Ben Fordham, a radio broadcaster, has lashed out at “lazy” welfare claimants who refuse to work despite there being 480,000 job opportunities and a pressing need for additional foreign labour.
However, there are some who are capable of working; they claim to be seeking for employment but believe they will not succeed.
Either they’re too indolent or staying home is too convenient for them, according to this statement.
Pensioners, individuals with disabilities, and veterans all get welfare payments, making up one in every 26 Australians.
892,000 of them are in receipt of unemployment benefits including JobSeeker and Youth Allowance.
According to the Australian Bureau of Statistics’ most recent data, there were 480,000 jobs available nationwide in May.
Businesses now cry for employees, and when jobs go unfilled, we are forced to bring in large numbers of foreign labour, according to Fordham.
According to Fordham, the average period of unemployment for assistance users is five years, and 80% of them are categorised as long-term jobless.
Nearly to $30 billion in JobSeeker and Youth Allowance Centrelink payments are made to the government each year, making up 15% of the entire cost of assistance in the country.

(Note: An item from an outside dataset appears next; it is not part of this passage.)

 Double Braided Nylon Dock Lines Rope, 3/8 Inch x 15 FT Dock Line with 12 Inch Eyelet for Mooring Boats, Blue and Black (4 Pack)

It happens as the payback schedule for the thousands of Australians affected by the floods who were permitted to postpone their Centrelink debt responsibilities is about to begin.
Residents in places affected by subsequent floods, such as those in Australia’s east in May and June, may need to start making their repayments as early as October 1.
Services Australia has taken action to reassure individuals that they are not required to pay back their debt “all at once.”
The statement said, “Most customers set up a payment schedule and reimburse it over time.”